Methods: Nursing documentation provides key information describing a patient’s journey detailing patient concerns, interactions, interventions, and response. Implementation of a QI initiative was targeted on disseminating new documentation standards in a meaningful way engaging frontline nurses to be accountable for their documentation practice. Formal and informal presentations were conducted disseminating the new documentation policy. Next staff completed 3 anonymous random audits of their documentation using an audit tool outlining the 16 data points of the new policy. Baseline audits revealed >90% compliance in many of the 16 data points. The project lead and ED manager used the initial audit to establish a baseline. Focus was place on 4 data points with the lowest percentages, social/behavioral screen, hourly VS, ongoing assessment and removal of peripheral intravenous catheter (PIV), to focus on improvement. Ongoing audits and assessments were conducted to evaluate the efficacy of the change, presenting results at mandatory staff meetings and posting in the ED.

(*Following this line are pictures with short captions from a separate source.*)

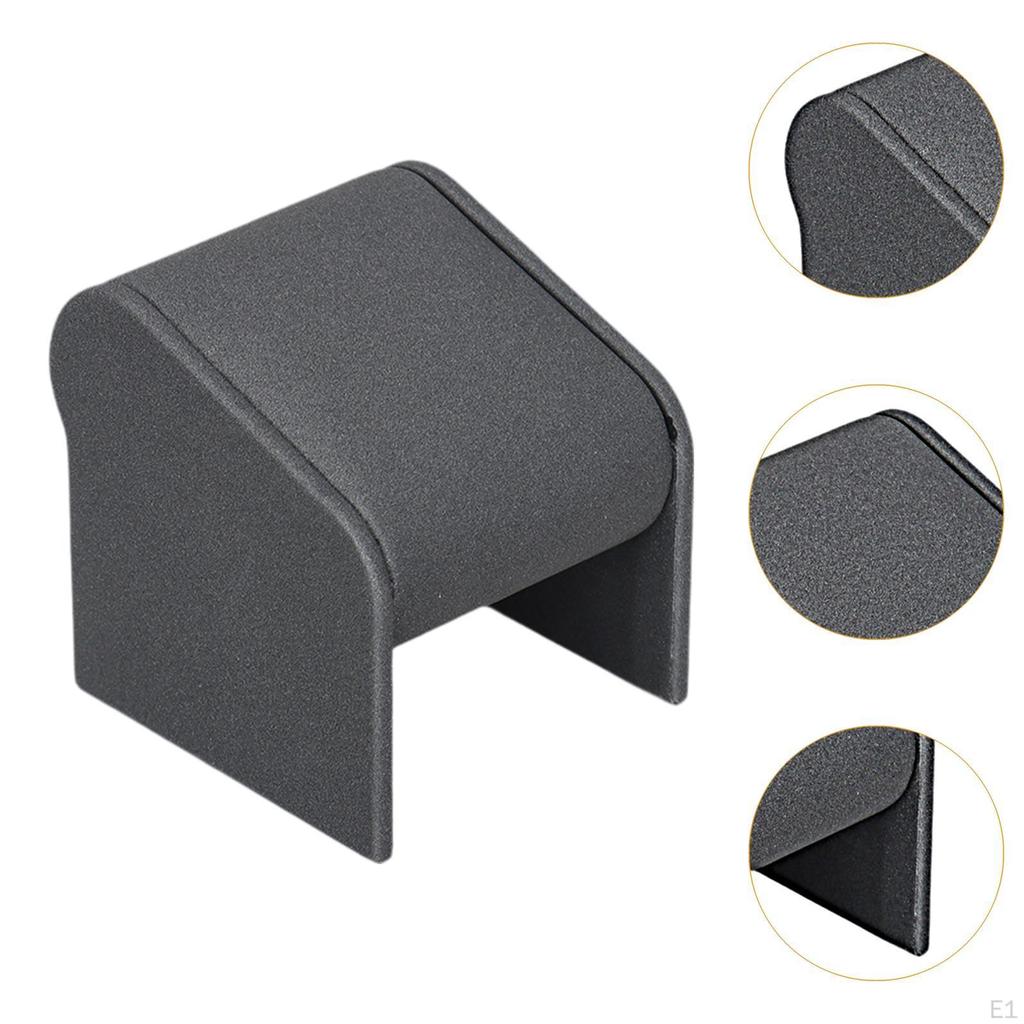 Подставка для браслетов, часов, органайзер для ювелирных изделий для дома и офиса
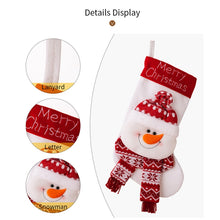 Load image into Gallery viewer, TBD06052447_B3.jpg@a979c02e9be527d6b7f5812a93d0c674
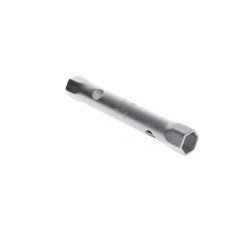 Dėžutės formos raktas 17x19 mm, Gedore SL26R1719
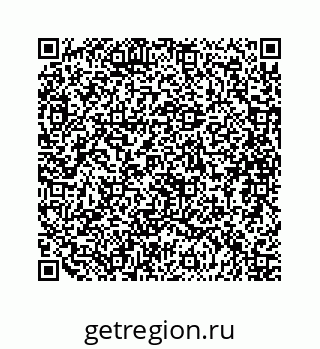79088814931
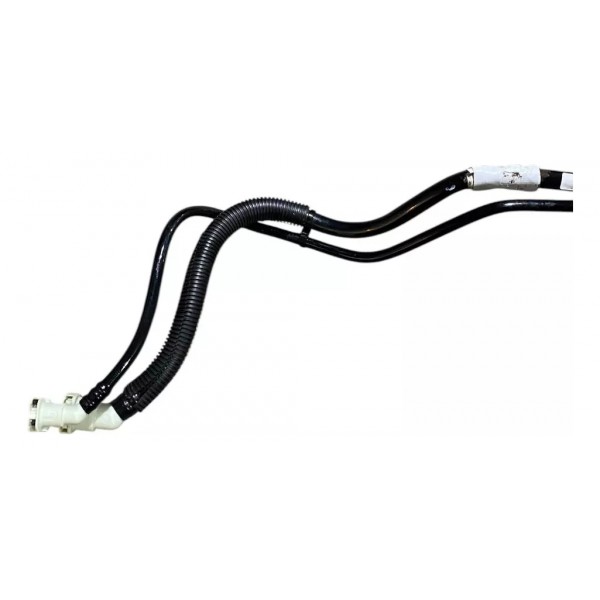 Mangueira Filtro Canister Fiat Freemont 2.4 2012 A 2016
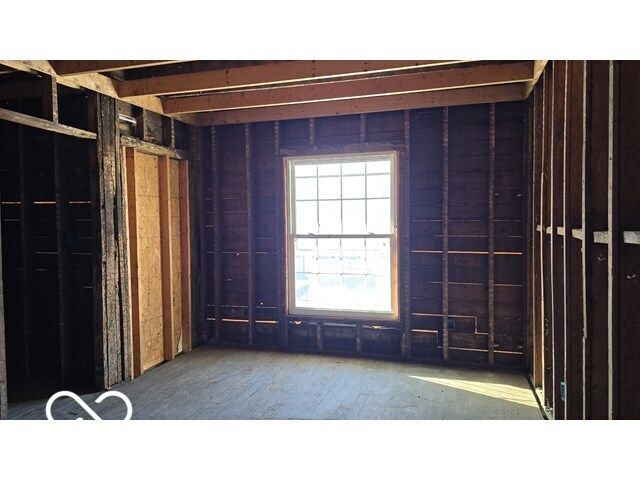 3509 N Illinois Street, Indianapolis, IN 46208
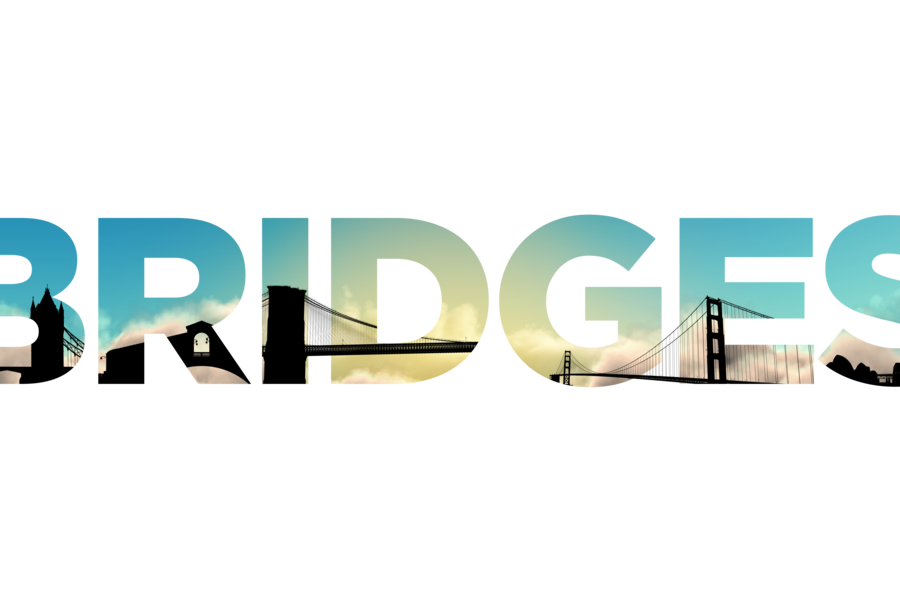 Celebrity Cruises, Bridges ©CEL.png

Results/Outcomes: The initial audit (October 2015) included 41 chart audits revealing 4 data points for focused improvement: social/behavioral screening (68%), hourly VS (69%), ongoing assessment (74%), and removal of PIV (63%). Follow up and education allowed time for staff to enhance personal practice. Additional audits were conducted (December 2015/July 2016/December 2016) to assess ongoing improvement/sustainability (N=49, N=81, N=81 respectively) revealed the following results: social/behavioral screening (75-86-78%), hourly VS (85-87-96%), ongoing assessment (84-81-94%), and removal of PIV (70-62-91%) uncovering a continued improvement and sustainability.
Implications: Nursing documentation standards are a challenge. The results of this project show that we can make improvements and ultimately impact patient outcomes through better telling of their story. Setting the standard, educating staff and having staff review documentation improves practice. The data further showed sustained and continued improvement. Future audit and monitoring will evaluate the extent of the engagement and commitment to nursing documentation and the integration of the standards into the department’s culture.